Bowman is in a position to turn up the volume on potential reforms as the two other federal banking agencies await confirmation of permanent chiefs. But the interim leaders, Vice Chair Travis Hill at the Federal Deposit Insurance Corp. and Acting Comptroller Rodney Hood at the Office of the Comptroller of the Currency, who reports to Deputy Treasury Secretary Faulkender, have not been mere caretakers.
Hood said on June 3 that in addition to withdrawing certain climate-related principles and no longer examining for reputation risk, “we are also focused on modernizing capital standards. While U.S. banks remain the gold standard of international finance, that doesn’t mean we must gold-plate our capital requirements. I’ve engaged extensively with my U.S. and global counterparts to advocate for capital levels that are strong, but appropriate – not excessive.
Acting Comptroller Hood: “Engaged extensively” with counterparts.

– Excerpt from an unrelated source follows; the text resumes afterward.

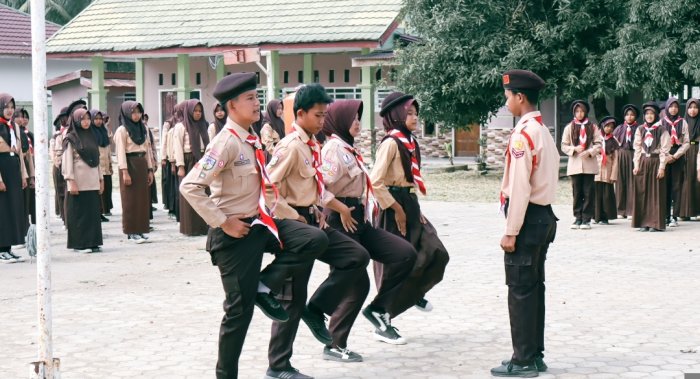 Dampingi Penggalang, Tiga Pelatih Pramuka MTsN 6 Batang Hari Mantapkan Pengetahuan Anggota Dampingi Penggalang, Tiga Pelatih Pramuka MTsN 6 Batang Hari Mantapkan Pengetahuan Anggota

“At a recent meeting in Basel, I conveyed that sentiment directly. I was heartened to see consensus from the international community that the U.S. proposal had gone beyond what was necessary. As we continue interagency deliberations, I will remain committed to a capital framework that supports resilience – but does not constrain growth.”
Elaborating in an interview with Politico, Hood said it was clear to the Basel cohort “that the Americans are going to be recalibrating. We’re not retreating . . . I think there were those that thought we were going to retreat. But we are going to recalibrate and have a capital plan that does not eliminate the competitive position of our American banks.” The aim is “capital neutrality” and avoiding gold-plating.
On June 27, the FDIC’s Hill weighed in on replacing “the existing gold-plated eSLR standards for U.S. G-SIBs . . . The largest U.S. banking organizations, including their bank and dealer subsidiaries, are critical to financial market functioning and economic growth. I support the proposal, which will provide more capacity for institutions to engage in low-risk activities such as U.S. Treasury market intermediation.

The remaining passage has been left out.